* Exercise instructions *
Your copy starts at the line containing "9CT WHITE GOLD" and ends at the last line of the material below. Reproduce those lines exactly, with no pictures.

* Given data *
%%

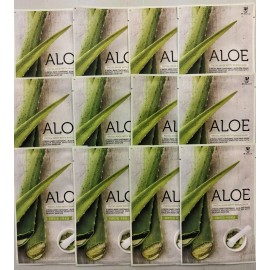 24 miracle ALOE VERA FACE MASKS - Pack of 12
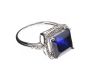 9CT WHITE GOLD TANZANITE AND DIAMOND CLUSTER RING at Ross's Online Art Auctions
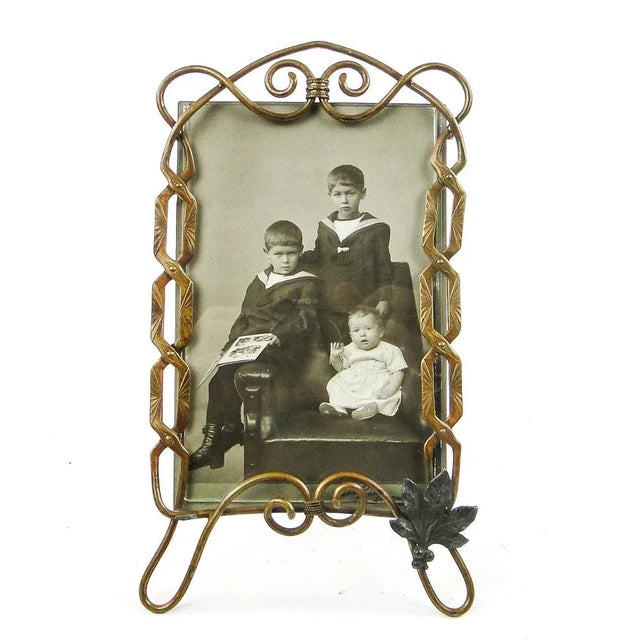 Art Nouveau Frame, Belgium, 1900s For Sale - Image 12 of 12
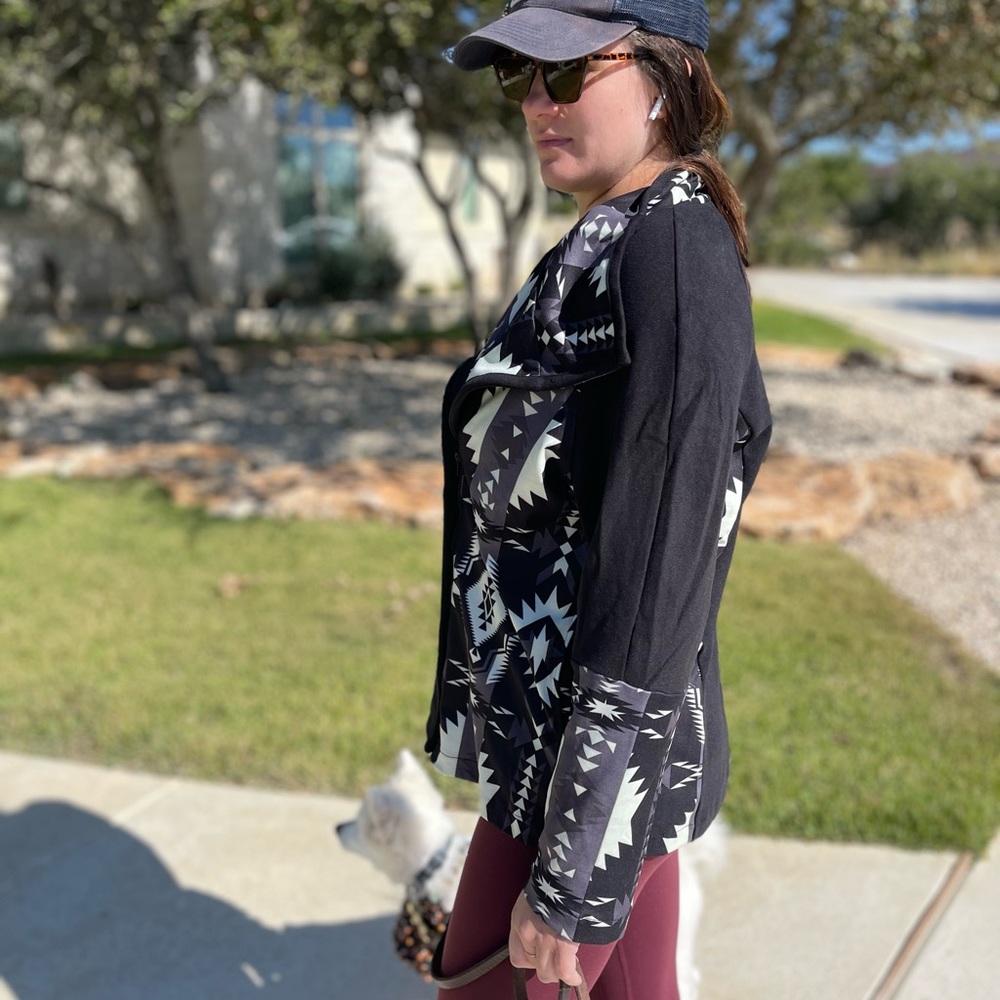 Nwt Aztec Print Soft Jacket Coat - image 6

%%

* Expected answer *
 9CT WHITE GOLD TANZANITE AND DIAMOND CLUSTER RING at Ross's Online Art Auctions
 Art Nouveau Frame, Belgium, 1900s For Sale - Image 12 of 12
 Nwt Aztec Print Soft Jacket Coat - image 6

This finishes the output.